═══ DATA ═══
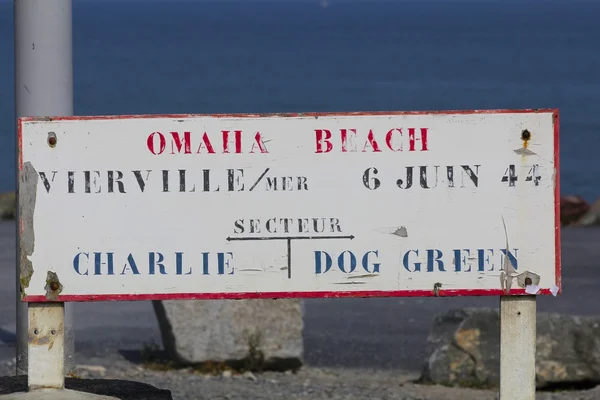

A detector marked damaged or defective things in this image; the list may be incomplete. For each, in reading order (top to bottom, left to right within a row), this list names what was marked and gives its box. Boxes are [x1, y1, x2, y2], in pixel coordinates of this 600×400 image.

peeling paint [19, 160, 37, 296]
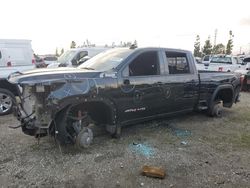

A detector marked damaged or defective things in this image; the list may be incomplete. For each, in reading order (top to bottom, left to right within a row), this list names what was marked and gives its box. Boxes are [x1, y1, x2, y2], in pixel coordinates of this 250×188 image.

crumpled hood [8, 67, 101, 85]
damaged black truck [8, 47, 240, 148]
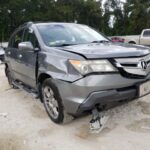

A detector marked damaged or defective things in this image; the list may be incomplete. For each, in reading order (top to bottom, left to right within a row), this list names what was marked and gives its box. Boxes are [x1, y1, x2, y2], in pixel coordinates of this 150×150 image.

damaged suv [4, 22, 150, 123]
crumpled hood [57, 42, 150, 59]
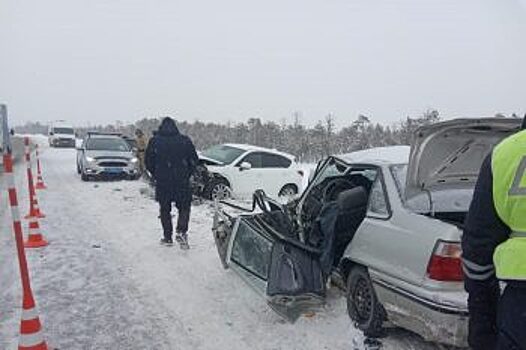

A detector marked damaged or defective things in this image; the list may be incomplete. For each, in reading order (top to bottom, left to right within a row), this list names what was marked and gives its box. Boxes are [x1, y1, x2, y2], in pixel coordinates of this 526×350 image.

crushed car roof [338, 146, 412, 165]
detached car door [214, 212, 326, 322]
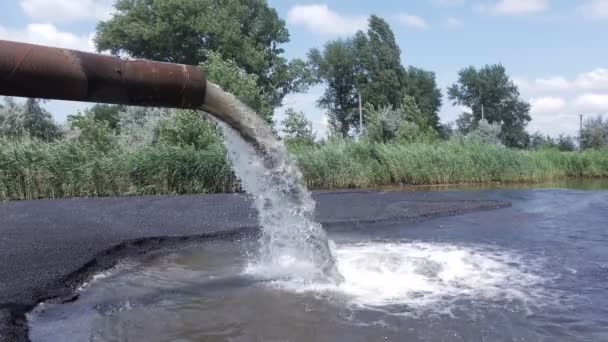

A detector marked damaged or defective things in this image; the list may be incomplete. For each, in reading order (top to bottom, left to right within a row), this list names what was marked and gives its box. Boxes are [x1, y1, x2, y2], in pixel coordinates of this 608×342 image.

rust stain on pipe [0, 40, 207, 109]
rusty metal pipe [0, 40, 207, 109]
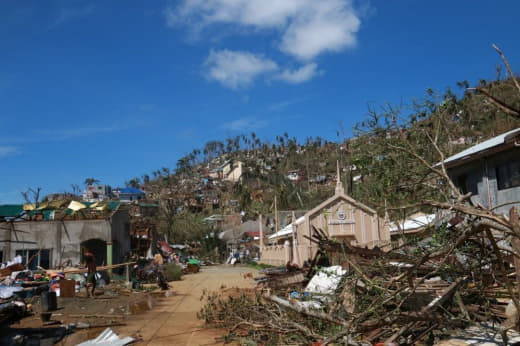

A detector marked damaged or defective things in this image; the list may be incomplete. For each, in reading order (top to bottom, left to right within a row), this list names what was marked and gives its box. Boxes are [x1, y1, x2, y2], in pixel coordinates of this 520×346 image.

damaged house [0, 200, 129, 270]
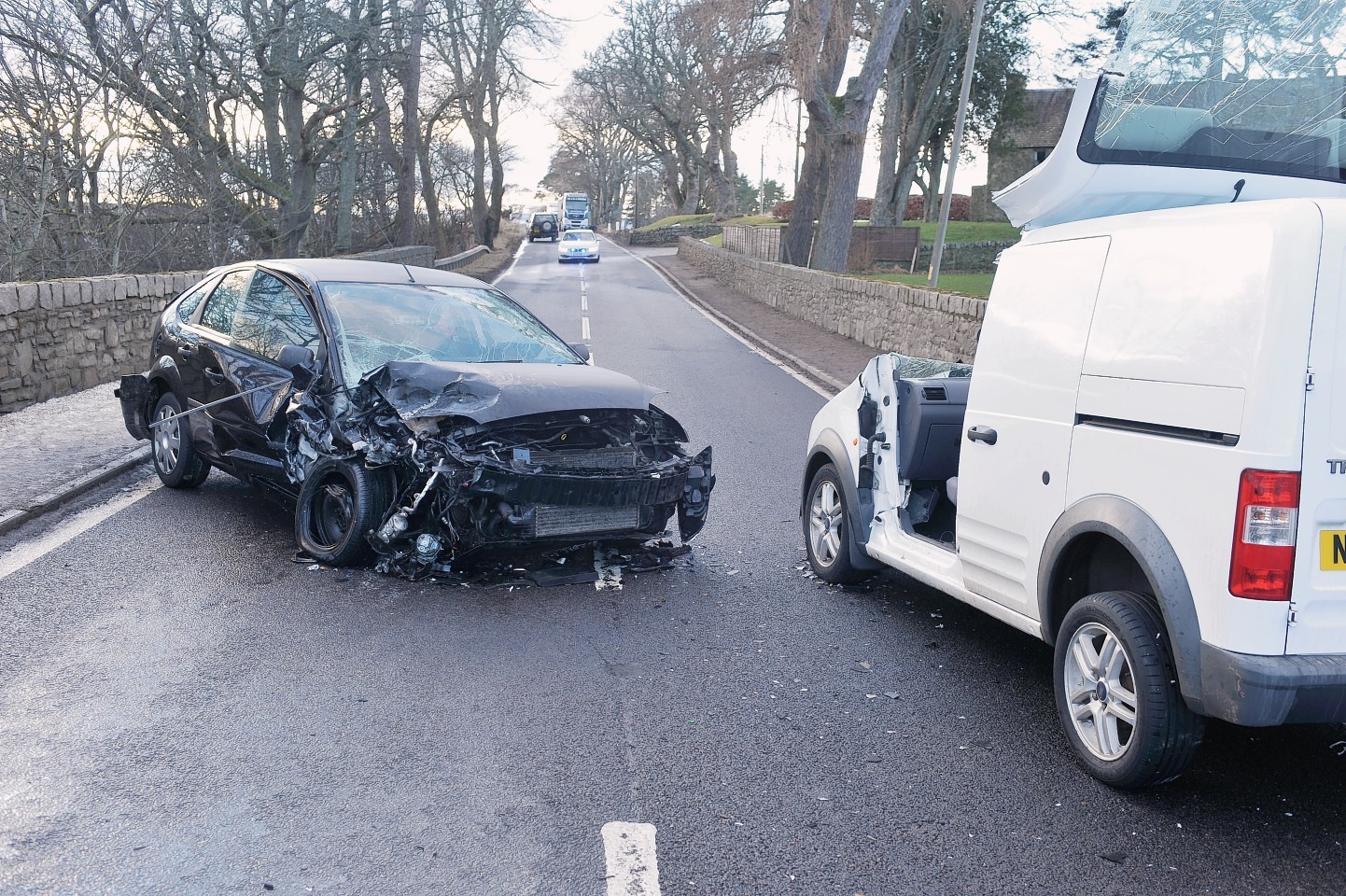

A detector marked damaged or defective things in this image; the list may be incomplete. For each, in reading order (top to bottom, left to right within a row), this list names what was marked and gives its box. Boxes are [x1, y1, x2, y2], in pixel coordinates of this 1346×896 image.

shattered windshield of van [1076, 0, 1346, 181]
black crashed car [527, 215, 559, 242]
detached wheel [151, 392, 208, 483]
detached wheel [296, 457, 393, 562]
black crashed car [116, 258, 716, 573]
damaged front end of black car [285, 357, 716, 575]
crumpled hood [360, 360, 659, 422]
detached wheel [802, 462, 866, 583]
shattered windshield of van [888, 355, 974, 379]
detached wheel [1055, 589, 1206, 785]
detached bumper [1206, 637, 1346, 721]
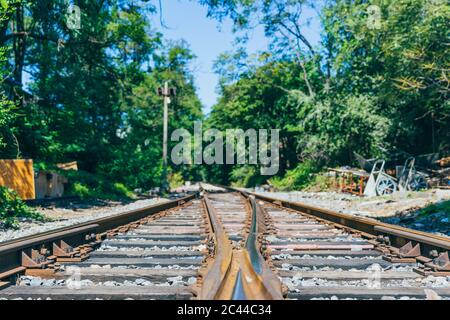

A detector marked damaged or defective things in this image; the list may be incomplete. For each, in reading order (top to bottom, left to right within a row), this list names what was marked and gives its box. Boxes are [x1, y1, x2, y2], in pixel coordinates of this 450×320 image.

rusty railroad track [0, 185, 448, 300]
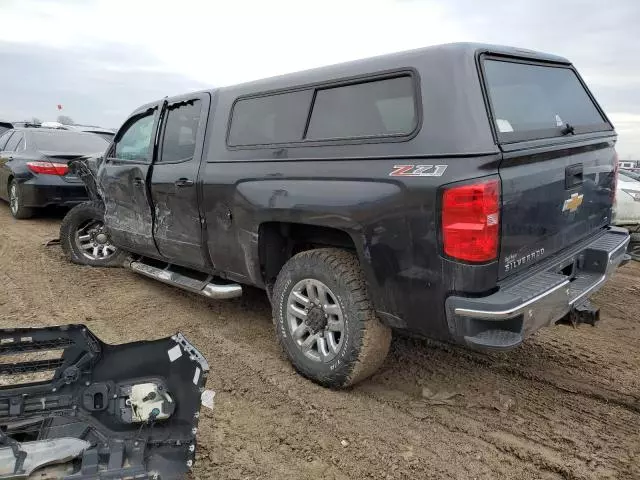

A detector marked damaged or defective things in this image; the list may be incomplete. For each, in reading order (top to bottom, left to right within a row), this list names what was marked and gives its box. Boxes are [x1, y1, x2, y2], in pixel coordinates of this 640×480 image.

broken bumper cover [444, 227, 632, 350]
broken bumper cover [0, 324, 211, 478]
damaged front fender [0, 324, 211, 478]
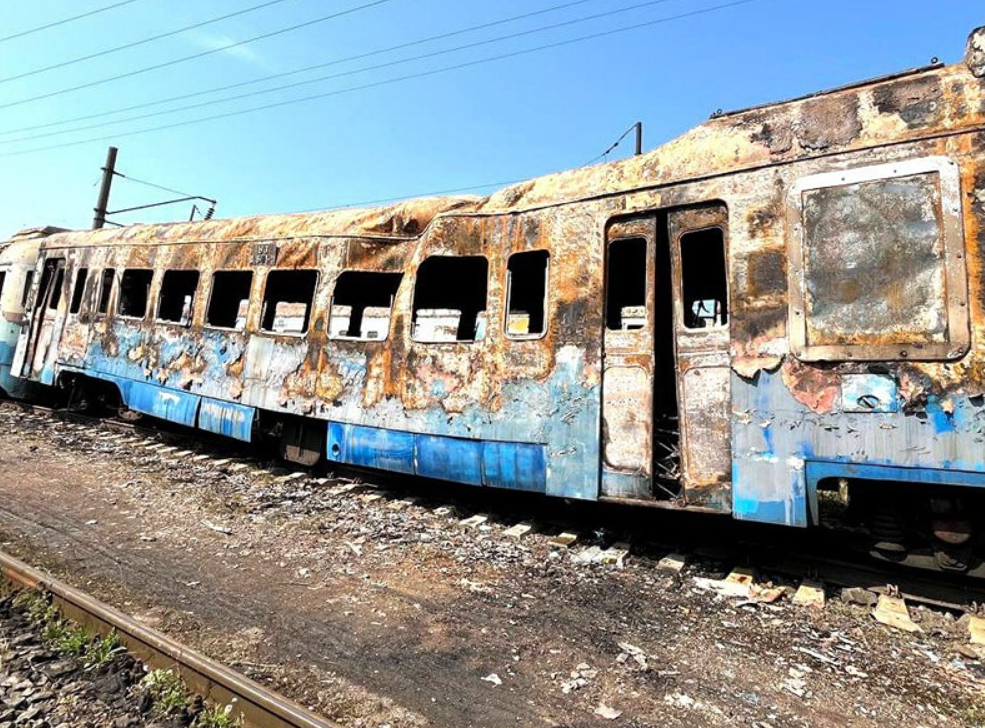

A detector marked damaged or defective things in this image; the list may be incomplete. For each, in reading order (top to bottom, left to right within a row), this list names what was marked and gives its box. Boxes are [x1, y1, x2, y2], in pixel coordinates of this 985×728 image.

burned train car [7, 28, 984, 576]
rusty metal surface [11, 27, 984, 516]
rusty metal surface [0, 552, 338, 728]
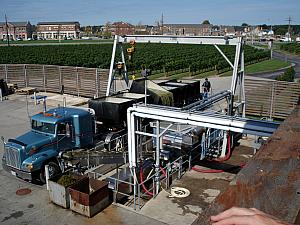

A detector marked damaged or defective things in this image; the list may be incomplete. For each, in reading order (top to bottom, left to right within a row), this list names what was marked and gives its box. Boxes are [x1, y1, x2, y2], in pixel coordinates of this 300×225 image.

rusty metal sheet [193, 104, 300, 224]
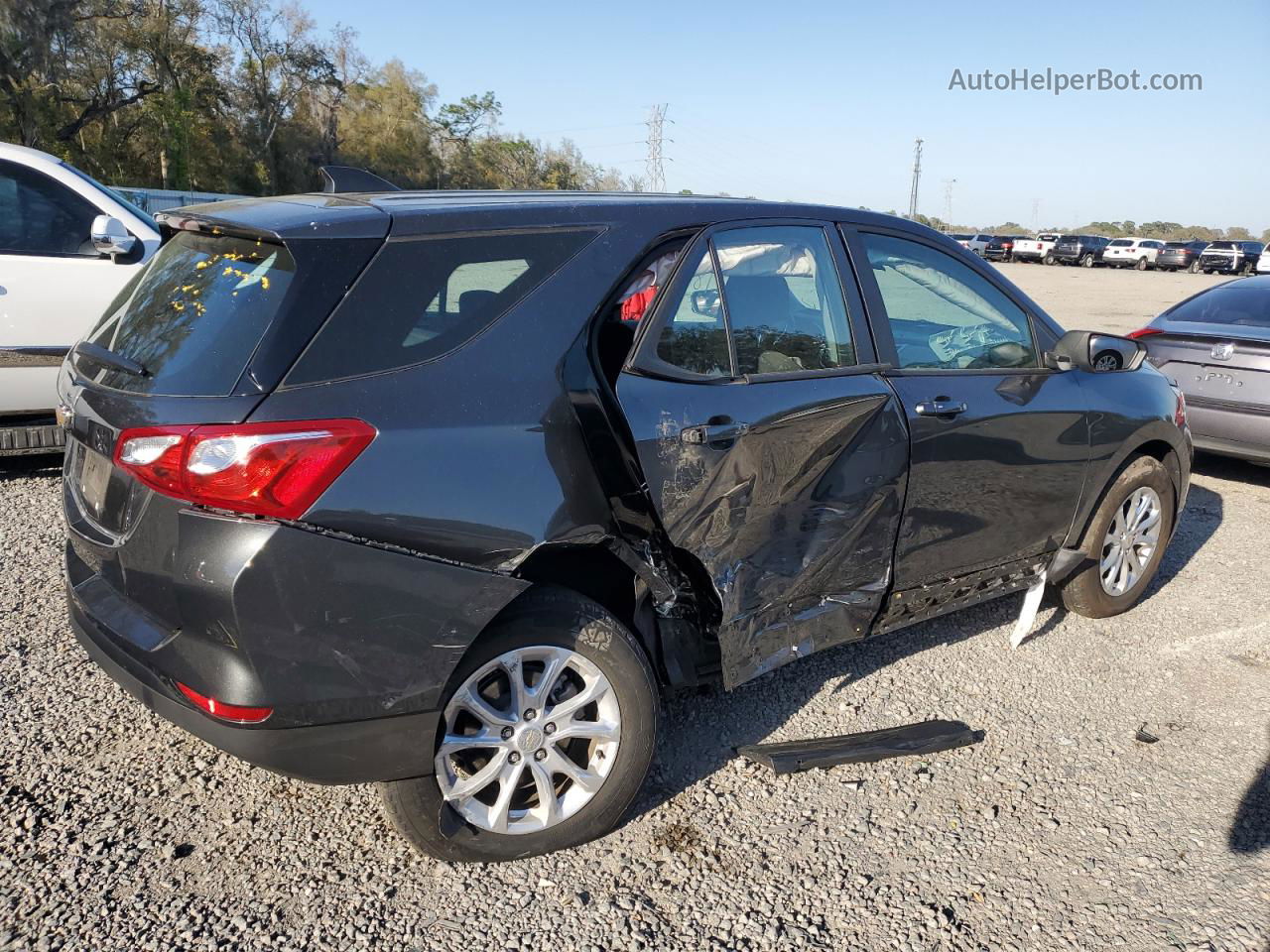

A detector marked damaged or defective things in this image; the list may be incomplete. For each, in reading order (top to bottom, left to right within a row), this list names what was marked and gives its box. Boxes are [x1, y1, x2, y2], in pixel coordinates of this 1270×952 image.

damaged black suv [60, 189, 1191, 861]
broken trim piece [734, 722, 984, 774]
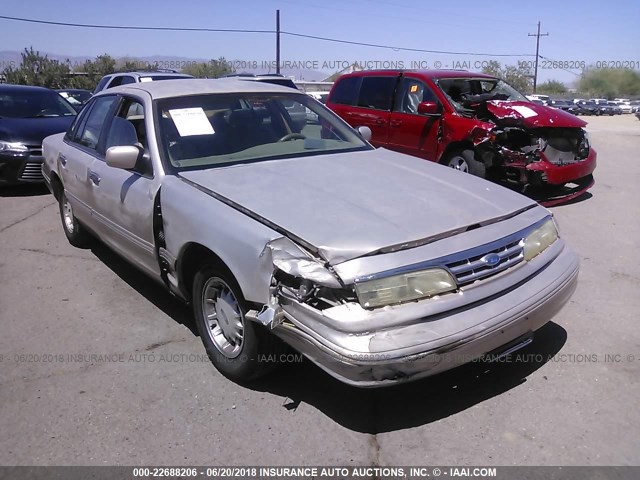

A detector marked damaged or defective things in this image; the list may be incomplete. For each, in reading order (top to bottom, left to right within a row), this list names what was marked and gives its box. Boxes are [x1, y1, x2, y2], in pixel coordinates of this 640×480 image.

damaged red suv [328, 69, 596, 204]
dented hood [488, 101, 588, 128]
damaged white sedan [41, 79, 580, 386]
dented hood [179, 149, 536, 264]
broken headlight [356, 268, 456, 310]
crumpled front bumper [270, 242, 580, 388]
cracked front grille [444, 239, 524, 284]
broken headlight [524, 218, 556, 262]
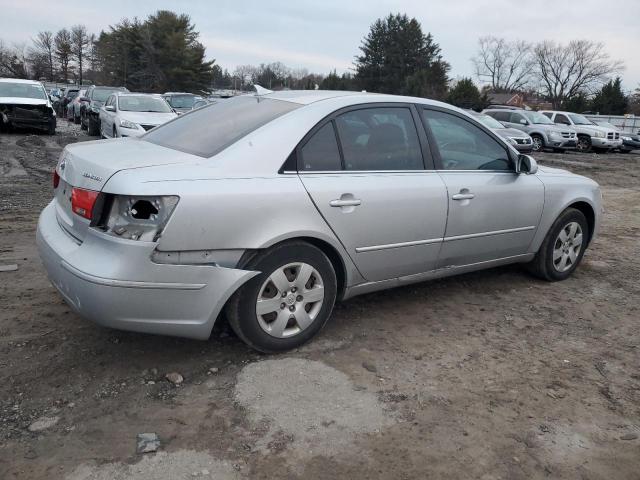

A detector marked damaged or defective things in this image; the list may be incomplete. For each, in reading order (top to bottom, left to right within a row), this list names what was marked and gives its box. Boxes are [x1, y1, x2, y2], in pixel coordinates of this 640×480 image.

damaged tail light [71, 188, 99, 219]
damaged tail light [93, 195, 178, 242]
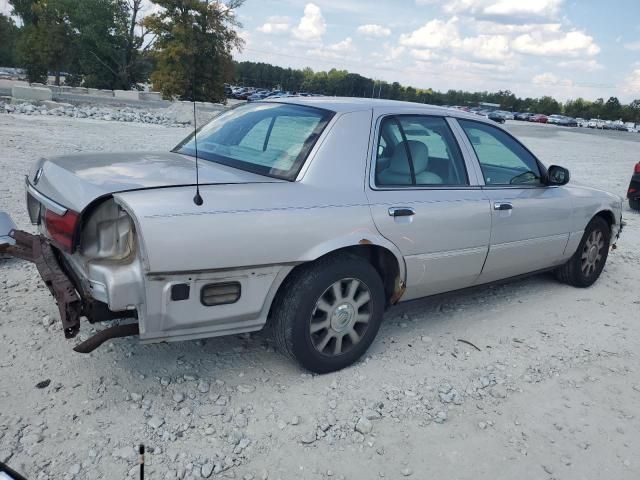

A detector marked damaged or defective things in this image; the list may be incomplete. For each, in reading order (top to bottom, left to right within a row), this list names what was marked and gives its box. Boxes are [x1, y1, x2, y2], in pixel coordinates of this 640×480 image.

torn bumper fascia [0, 229, 84, 338]
damaged rear bumper [0, 229, 138, 352]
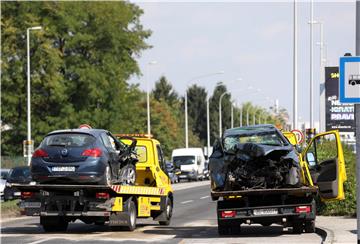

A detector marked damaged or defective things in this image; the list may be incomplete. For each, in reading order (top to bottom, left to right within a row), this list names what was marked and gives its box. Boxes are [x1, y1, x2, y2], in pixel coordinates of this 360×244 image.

damaged black car [208, 125, 300, 192]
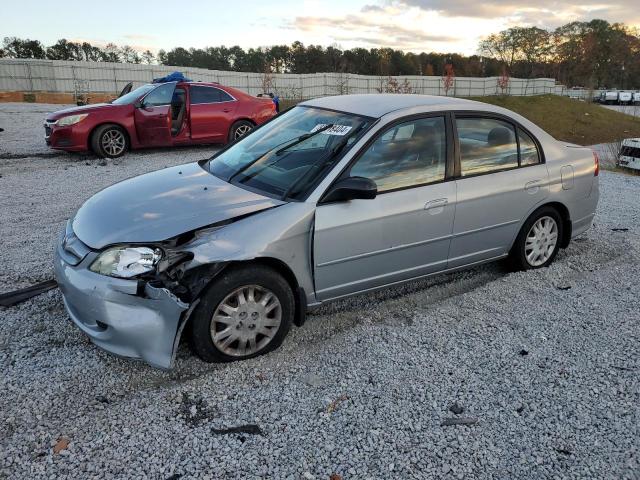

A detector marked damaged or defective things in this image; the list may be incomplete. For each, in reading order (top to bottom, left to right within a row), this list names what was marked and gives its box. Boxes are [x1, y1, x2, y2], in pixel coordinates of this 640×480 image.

crumpled front bumper [53, 236, 188, 368]
broken headlight [89, 246, 161, 280]
crushed hood [71, 163, 284, 249]
damaged silver sedan [55, 95, 600, 370]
═══
• YOUR OBJECTIVE:
Leave the pictures aside and give every entry above again word for word.

• RESULT:
A detector marked damaged or defective things in this image; the list may be incomplete. For each, in reading order (top to bottom, left to right within a row), this list names what was marked and gives its box. Boxes are [x1, y1, x2, y2], in pixel coordinates of this 600×400 image.

peeling paint [19, 160, 37, 296]

A detector marked damaged or defective things in this image; the list may be incomplete. For each, in reading order (top to bottom, left to right within a row), this list names what was marked and gives its box. Boxes are [x1, y1, x2, y2], in pixel coordinates of this 250×188 image.

crumpled hood [8, 67, 101, 85]
damaged black truck [8, 47, 240, 148]

A detector marked damaged or defective things in this image; the list may be incomplete. For each, in reading order (top to bottom, left to right within a row), this list names what was marked and gives its box. Boxes are [x1, y1, x2, y2], in pixel coordinates of this 150×150 image.

damaged suv [4, 22, 150, 123]
crumpled hood [57, 42, 150, 59]

A detector marked damaged or defective things in this image; the list may be incomplete. For each, in reading order (top to bottom, left to right within a row), this list names what was marked and gives its box. Boxes are [x1, y1, x2, y2], in pixel coordinates of this 526×350 image.

crushed car roof [338, 146, 412, 165]
detached car door [214, 212, 326, 322]

A detector marked damaged or defective things in this image; the list may be incomplete. For each, in reading order (top to bottom, left to right within a row), this list names what was marked and gives its box. Boxes are [x1, y1, x2, y2], in pixel coordinates of this 608×342 image.

rust stain on pipe [0, 40, 207, 109]
rusty metal pipe [0, 40, 207, 109]

A detector marked damaged or defective things in this image; the list may be incomplete. For each, in reading order (top to bottom, left to right within a row), this list names what was marked and gives its box. Boxes are [x1, y1, x2, y2], in pixel coordinates of this 520×346 image.

damaged house [0, 200, 129, 270]

A detector marked damaged or defective things in this image; the list may be incomplete. For each, in reading order (top to bottom, left to right within a row), this list names what was marked and gives its box. Boxes are [x1, y1, x2, y2], in pixel coordinates of this 1346×896 image.

shattered windshield of van [1076, 0, 1346, 181]
black crashed car [527, 215, 559, 242]
detached wheel [151, 392, 208, 483]
detached wheel [296, 457, 393, 562]
black crashed car [116, 258, 716, 573]
damaged front end of black car [285, 357, 716, 575]
crumpled hood [360, 360, 659, 422]
detached wheel [802, 462, 866, 583]
shattered windshield of van [888, 355, 974, 379]
detached wheel [1055, 589, 1206, 785]
detached bumper [1206, 637, 1346, 721]

A detector marked damaged or defective things in this image; the list may be incomplete. For each, in reading order (top to bottom, left to right within a row), this list names what was marked and gives its box. Boxes are [x1, y1, x2, y2], in pixel coordinates of this 450×320 image.

rusty railroad track [0, 185, 448, 300]

A detector marked damaged or defective things in this image; the list may be incomplete. For each, in reading order (top to bottom, left to right within a row), this list names what was marked and gives its box. Boxes are [x1, y1, x2, y2], in pixel coordinates of this 640×480 image.

broken bumper cover [444, 227, 632, 350]
broken bumper cover [0, 324, 211, 478]
damaged front fender [0, 324, 211, 478]

A detector marked damaged or defective things in this image; the list may be incomplete. For each, in reading order (top to bottom, left to right within a row), this list names what was marked and gives its box. Boxes are [x1, y1, x2, y2], in pixel coordinates of this 985×728 image.

burned train car [7, 28, 984, 576]
rusty metal surface [11, 27, 984, 516]
rusty metal surface [0, 552, 338, 728]

A detector marked damaged or defective things in this image; the list may be incomplete. For each, in reading order (top to bottom, left to right within a row), this list names what was marked and gives its box. Boxes are [x1, y1, x2, y2], in pixel coordinates of this 300×225 image.

rusty metal sheet [193, 104, 300, 224]

A detector marked damaged or defective things in this image; the list may be incomplete. For each, in reading order (top to bottom, left to right within a row), this list names what was marked and gives its box. Boxes are [x1, y1, x2, y2], in pixel coordinates of this 1270×952 image.

damaged black suv [60, 189, 1191, 861]
broken trim piece [734, 722, 984, 774]

A detector marked damaged or defective things in this image; the list may be incomplete. For each, in reading order (top to bottom, left to right within a row), this list names what was marked and gives its box. Boxes are [x1, y1, x2, y2], in pixel coordinates of this 640×480 image.

damaged red suv [328, 69, 596, 204]
dented hood [488, 101, 588, 128]
damaged white sedan [41, 79, 580, 386]
dented hood [179, 149, 536, 264]
broken headlight [356, 268, 456, 310]
crumpled front bumper [270, 242, 580, 388]
cracked front grille [444, 239, 524, 284]
broken headlight [524, 218, 556, 262]

A detector marked damaged or defective things in this image; the list may be incomplete. For each, in reading order (top to bottom, left to right within a row), this list names what was marked and gives its box. Boxes are [x1, y1, x2, y2], in pixel coordinates of this 640×480 image.

damaged tail light [71, 188, 99, 219]
damaged tail light [93, 195, 178, 242]

A detector marked damaged or defective things in this image; the list may be incomplete. For each, in reading order (top to bottom, left to right within a row), this list names what was marked and gives its box. Boxes are [x1, y1, x2, y2], in pixel coordinates of this 640×480 image.

torn bumper fascia [0, 229, 84, 338]
damaged rear bumper [0, 229, 138, 352]

A detector marked damaged or defective things in this image; the list may be incomplete. For each, in reading order (top to bottom, left to right within a row), this list names what was marked and gives its box. Boxes are [x1, y1, x2, y2], in pixel coordinates of this 360×244 image.

damaged black car [208, 125, 300, 192]

A detector marked damaged or defective things in this image; the list may be incomplete. For each, in reading order (top to bottom, left to right within a row), this list names what was marked and gives its box. Boxes are [x1, y1, x2, y2], in pixel coordinates of this 640×480 image.

crumpled front bumper [53, 236, 188, 368]
broken headlight [89, 246, 161, 280]
crushed hood [71, 163, 284, 249]
damaged silver sedan [55, 95, 600, 370]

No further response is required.